6章 リーダーの2タイプ:リーダーシップとモチベーション

○リーダーの2タイプ:成果型と成長型リーダー

 モチベーション向上のお仕事で、メーカー、サービス業、インフラ事業の、のべ約2,000人の部課長さんとお会いし、かつ、そのモチベーション診断レポートに基づいて対話しています。また、ベストプラクティスレポートという、モチベーションの高い職場での上司の取り組み事例集のため、約100の部課長さんに取材し、のベストプラクティスレポートを作成してきました。その観察からリーダーには主に2タイプあると感じています。

 リーダーには色々な分類があるうちの、一つの分類法ですが、「仕事」と「人」という軸によるものに当てはまりました。「業務・課題中心」と、「人間関係中心」という分け方です。

・仕事への関心リーダー(成果型)

 仕事に成果に強い関心があるが、部下に関心が薄いタイプです。仕事の出来、パフォーマンス、完成度には関心がありますが、部下が疲弊しても関心がないとうタイプです。どちらかというと戦時型。ぎちぎちと回さざるを得ない戦時の場合、しょうがないこともあります。成果型リーダーは今の資産を使っている感じです。短期戦を戦っているので仕方がない。したがって、疲弊感が強い。ぐるぐる回っている状態ですから。異動希望や離職率が高い傾向があります。会議も緊張感が漂い、意見があまり出ません。

・部下の成長への関心リーダー(成長型)

 部下に対する関心が強く、仕事を通し部下を成長させ、仕事の成果を高めようとするタイプです。先の「人間関係中心」よりむしろ「人間成長中心」のタイプです。要するに、仕事は道具であって、人が伸びる。人が伸びることで、仕事も伸びる、というリーダーです。根っ子を伸ばしている。このタイプでは、長期的には人が成長しているので、仕事も成長します。成長していますから、つらくてもなんとなく伸びている感じがあり、心の元気が続きます。したがって、定着率が高い。

 職場の活気があるリーダーは漏れなく、継続的に成果をあげ、かつ、部下に関心を持ち、良いところを発見し、伸ばしてあげようという暖かい心を持っていることです。高い厳しい目標にも、チームで一生懸命楽しく取りもうという、兄貴や親父的存在を感じました。

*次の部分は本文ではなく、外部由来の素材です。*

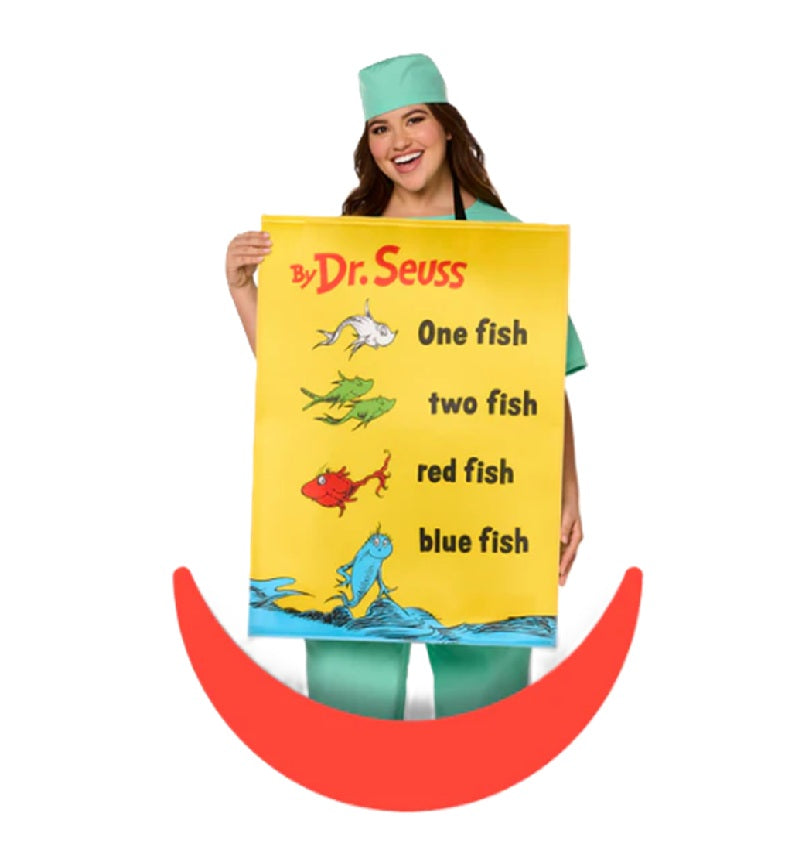 Dr. Seuss  One Fish, Two Fish Boo Book Cover Tunic - Costume - One Size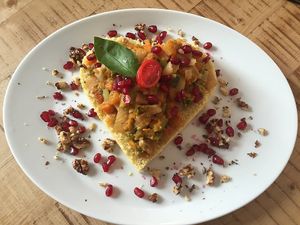 Herz-Couscous mit Herbstgemüse und Granatapfelkernen - mmmmm :-) at Pizzeria Bistro Mediterraneo in Merano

 もう一つの特徴は、職場を家族と言い換えるのを共通項としている点です。「職場には8時間から10時間いて、一緒に仕事をしている。起きている時間の半分以上。家族との時間より多いかもしれない。であれば、家族と時間を過ごすように、お互いを大事にし、成長させ、気持ちよく仕事をしたい」というものです。会議では、成長型はわいわいがやがやしている。

○飲み会がリトマス試験紙

 「成果型」か「成長型」かを見分けるリトマス試験紙は、飲み会の出席率、7~8割です。成長型は7~8割以上、成果型は7~8割以下。なぜかというと、仕事を離れてまで一緒に飲みたくない。個人に興味ないですから、飲み会でも仕事の話をする。ある人は、「上司は私には興味がない、私の仕事にしか興味がない。飲みに誘われても、仕事の話かと思うと断っていました。」と証言しています。

○バランス

 全部が全部、成長型がいいとは言っていません。バランスだと思います。成果型でやらざるを得ないこともある。状況判断しながらバランスよく両方できることが大事です。くれぐれも、「成果型」100%はご勘弁下さい。